The wounded child who lives in us

Who I am
Robert Maurer

The wounded child who lives in us

Last update: July 27, 2016

Surely you have heard at least once of the child who lives in each of us, close to our heart. We also know how wonderful it is to get it out and be happy. Nonetheless, we don't usually spend a lot of time with him, even when he's injured. A wound that often continues to hurt ...

What happened? Why is the child in you complaining? At what moment of life did that "break" occur that has marked you forever? And most importantly, is it possible to cure wounds permanently?

The event that "blocked" the child in us

What happens when the child in us is sad or hurt from childhood and this affects our actions? There are many theories that try to explain this situation, and one of them is called a "blocking event".

The blocking event is a fact that has marked us strongly and that has forged our personality. This happens: since we are born, we live in a "comfortable continuity", which allows us to survive and which provides us with everything we need (food, affection, shelter, etc.). However, one day something happens that changes us forever, that suddenly throws us out and breaks that “comfortable continuity”.  

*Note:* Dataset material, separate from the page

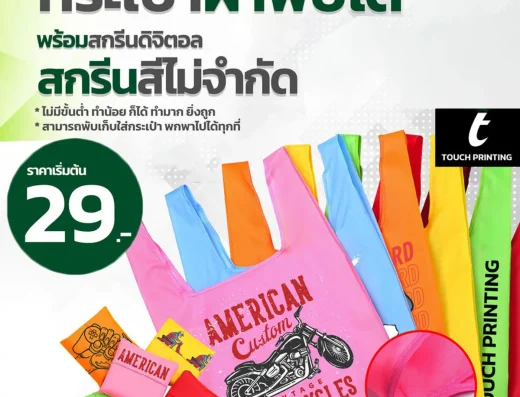 Touch Printing Republic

In most cases, this event is associated with a very painful emotion such as death, fear, separation, misfortunes, etc. However, even something lacking in value, such as a word, an attitude, or a decision.

What wounds has your inner child suffered?

A distant father, a perfectionist mother, an authoritarian grandfather, a broken family. The inner child may be disappointed with what embittered his childhood. He takes on the traumas of the past and returns them as models or habits to the adult he has now become.

In order to enjoy good emotional health, it is necessary to help our inner child heal his wounds. That's right, each of them, with total dedication and responsibility. You can't put a patch where surgery is needed, nor can you take away from a recurring problem.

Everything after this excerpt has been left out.